You can also use pip:

pip install pyastgrep

Understanding the XML structure

To get started, you’ll need some understanding of how Python AST is structured, and how that is mapped to XML. Some methods for doing that are below:

  1. Use Python AST Explorer to play around with what AST looks like.

  2. Dump out the AST and/or XML structure of the top-level statements in a Python file. The top-level XML elements are <Module><body>, and don’t correspond to actual source lines. To get the statements within the body, you can use an XPath expression /Module/body/* or ./*/*:

    $ pyastgrep --xml --ast './*/*' myfile.py
    myfile.py:1:1:import os
    Import(
        lineno=1,
        col_offset=0,
        end_lineno=1,
        end_col_offset=9,
        names=[alias(lineno=1, col_offset=7, end_lineno=1, end_col_offset=9, name='os', asname=None)],
    )
    ...
    <Import lineno="1" col_offset="0">
      <names>
        <alias lineno="1" col_offset="7" type="str" name="os"/>
      </names>
    </Import>
    ...

Note that the XML format is a very direct translation of the Python AST as produced by the ast module (with some small additions made to improve usability for a few cases). This AST is not stable across Python versions, so the XML is not stable either. Normally changes in the AST correspond to new syntax that is added to Python, but in some cases a new Python version will make significant changes made to the AST generated for the same code.
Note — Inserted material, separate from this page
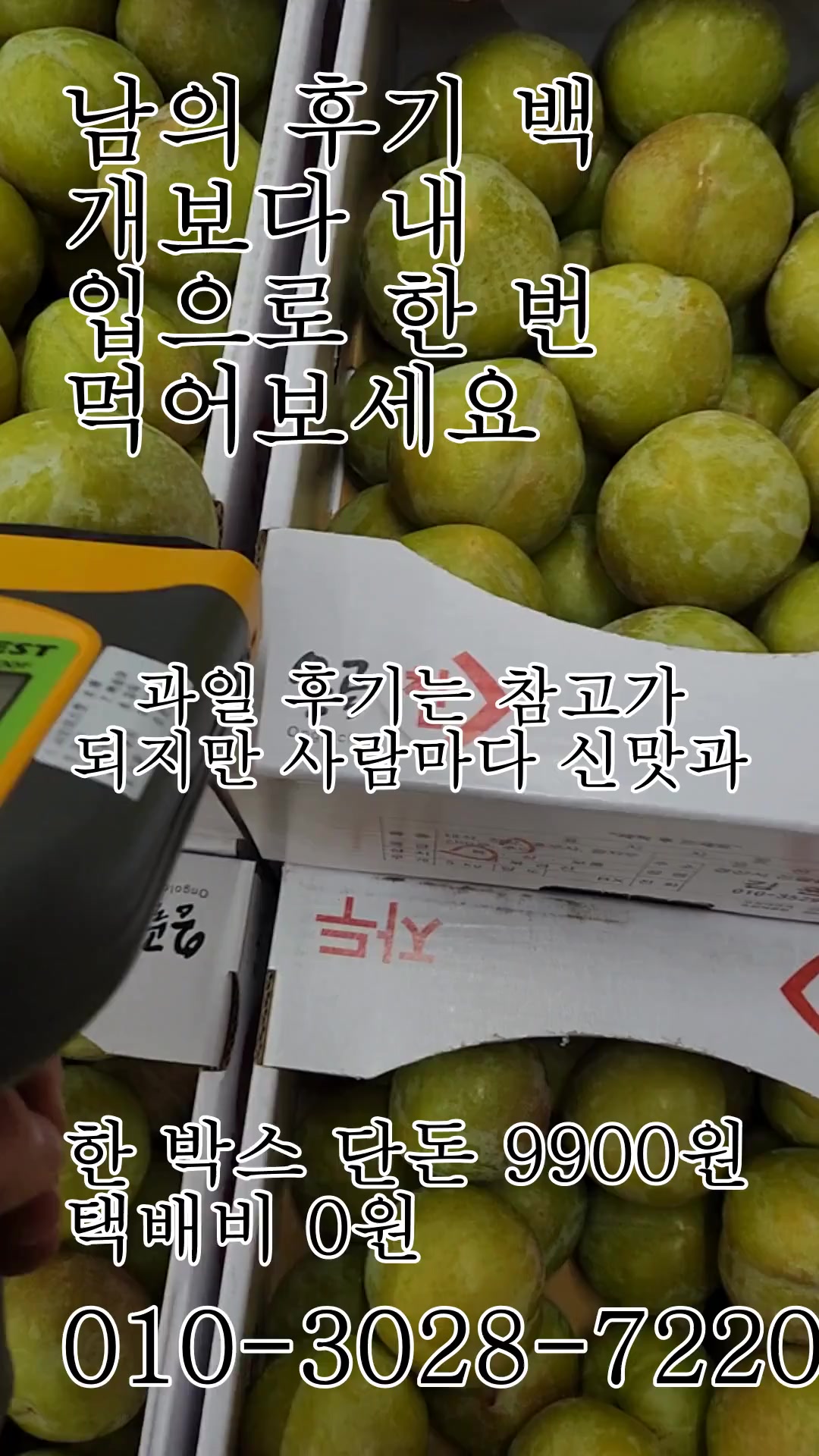 @새콤과일장터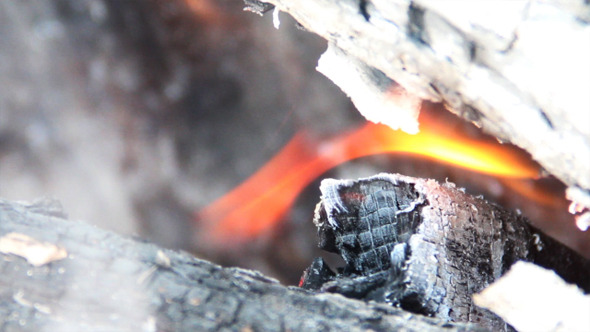 Flame of Fire 7 Flame of Fire 7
You can also pipe specific Python fragments using - to specify stdin as the input file:

$ echo 'a + b' | pyastgrep --xml './*/*' -
<stdin>:1:1:a + b
<Expr lineno="1" col_offset="0">
  <value>
    <BinOp lineno="1" col_offset="0">
      <left>
        <Name lineno="1" col_offset="0" type="str" id="a">
          <ctx>
            <Load/>
          </ctx>
        </Name>
      </left>
      <op>
        <Add/>
      </op>
  ...

You’ll also need some understanding of how to write XPath expressions (see links at the bottom), but the examples below should get you started.

Examples

Find all usages of a function called open:

$ pyastgrep ".//Call/func/Name[@id='open']"
src/pyastgrep/search.py:88:18:            with open(path) as f:

Find all literal numbers (Python 3.8+):

$ pyastgrep './/Constant[@type="int" or @type="float"]'
tests/examples/test_xml/everything.py:5:20:    assigned_int = 123
tests/examples/test_xml/everything.py:6:22:    assigned_float = 3.14

Names longer than 42 characters:

$ pyastgrep './/Name[string-length(@id) > 42]'

except clauses that raise a different exception class than they catch:

$ pyastgrep "//ExceptHandler[body//Raise/exc//Name and not(contains(body//Raise/exc//Name/@id, type/Name/@id))]"

Functions whose name contain a certain substring:

$ pyastgrep './/FunctionDef[contains(@name, "something")]'

Classes whose name matches a regular expression:

$ pyastgrep ".//ClassDef[re:match('M.*', @name)]"

This uses the Python re.match method. You can also use re:search to use the Python re.search method.

Docstrings of functions/methods whose value contains “hello”:

$ pyastgrep './/FunctionDef/body/Expr[1]/value/Constant[@type="str"][contains(@value, "hello")]'

For-loop variables called i or j (including those created by tuple unpacking):

$ pyastgrep './/For/target//Name[@id="i" or @id="j"]'

Ignoring files

Files/directories matching .gitignore entries (global and local) are automatically ignored, unless specified as paths on the command line.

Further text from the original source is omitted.